Faith healer Michael Mangos says swapping pills for prayer can lead to “miracle impacts” at his Highcliff healing rooms on the Peninsula. He says on average, one person a week turns up claiming doctors can’t help them.
His take on health is all the more remarkable because his wife Hilda is a haematologist at Dunedin Hospital.
Quiet and obliging, Mangos explains how the good Lord last year led his family from Australia to Otago so he could begin the ministry.
He says people accept germs and genetics as the causes of sickness because they don’t see the evil forces that do the dirty work.
“If they don’t see it under a microscope they don’t believe it exists. It’s not discernable to the human eye.”
A member of the International Association of Healing Rooms, he’s pulled together three-strong prayer teams to expel malevolent spirits from those seeking help.
Mangos points to a pregnant woman, prone to miscarriage, who he says went full term thanks to the power of prayer.
Mangos says divine guidance led him to the problem – one of the woman’s legs was longer than the other.
“We could see it (the short leg) moving out as we prayed. And she yelled, `I can feel it moving out of my body!’”

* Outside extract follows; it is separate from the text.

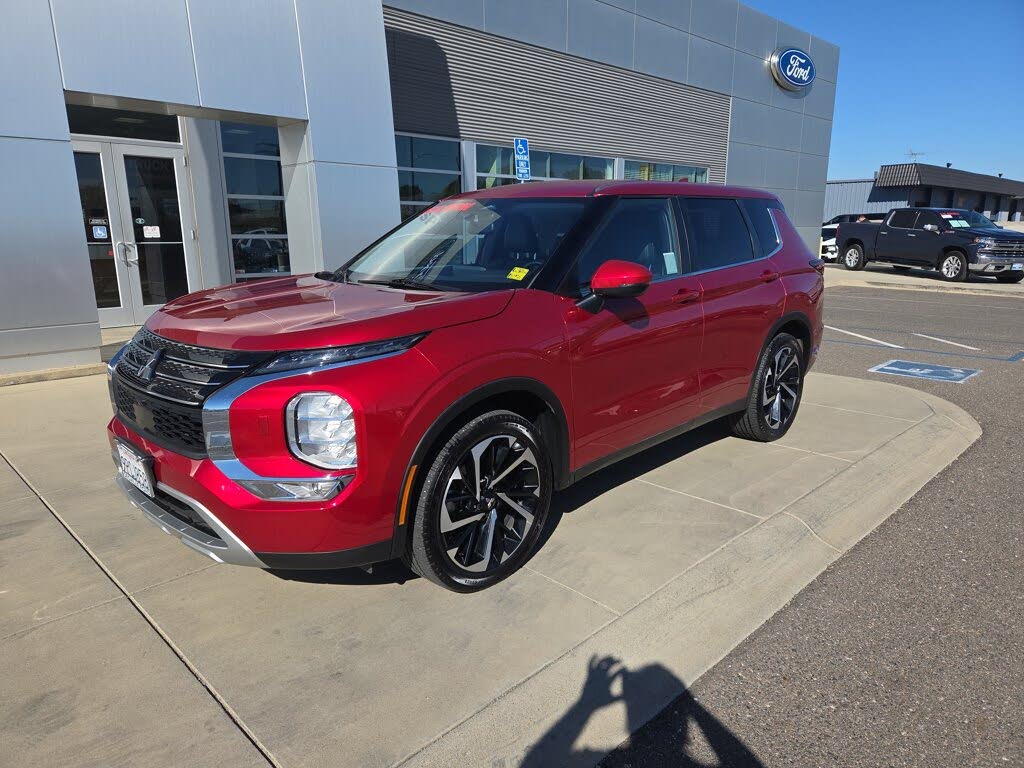 2023 Mitsubishi Outlander SE Special Edition S-AWC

There are four designated prayer rooms at the Mangos residence – converted from a home-stay business. Each room is serene and frugally, though tastefully, furnished.

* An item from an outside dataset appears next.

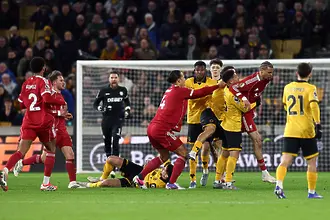 Крах за Ливърпул срещу последния на „Молиню“ (ВИДЕО)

A book of testimonies sitting on a lace-draped table tells stories of restored health, including a woman who overcame a five-week bout of diarrhoea.
“Doctors couldn’t figure out what was wrong with her,” Mangos says. “She was losing weight. She was desperate.”

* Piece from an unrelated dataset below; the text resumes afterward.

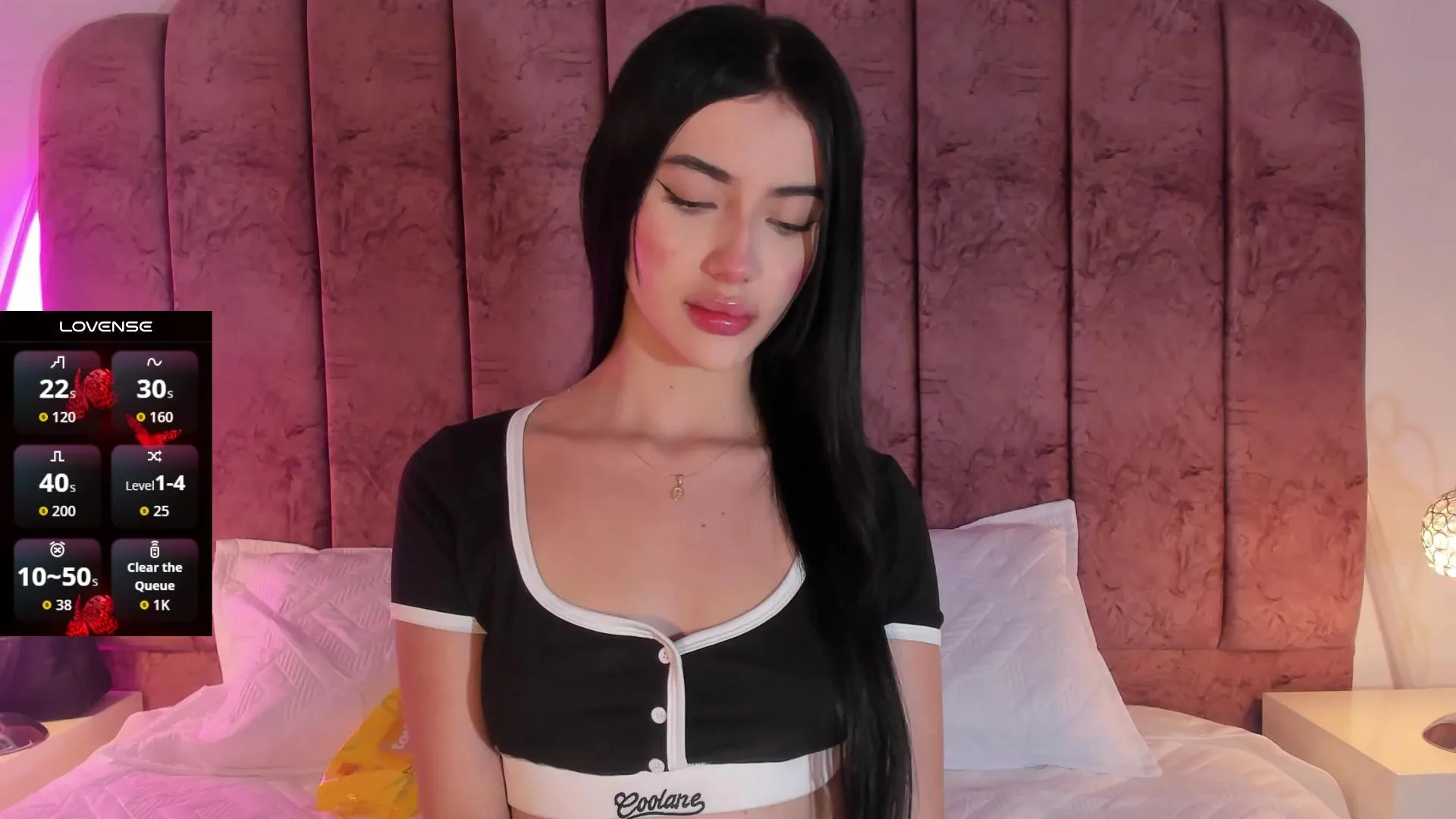 Offline Valeska_Zuev on Cam4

Otago Southland Royal College of General Practitioners Faculty Board member Dr John Mills, of Dunedin, agrees faith can be a comfort and a healer but he also issues a warning.
“It’s potentially dangerous. I think they need to liaise with the customer’s medical practitioner. That would make things safer.
“Some things may be straightforward but if things are complicated there is the potential to make things worse.”
Mangos’s take on causes is ‘totally untrue”, he says. When you have an infection it’s obvious what’s caused the problem, Mills says. And chronic illness can strike whether you are religious or not, he adds.
Mangos plans a second healing room in Musselburgh for those who find Highcliff inaccessible.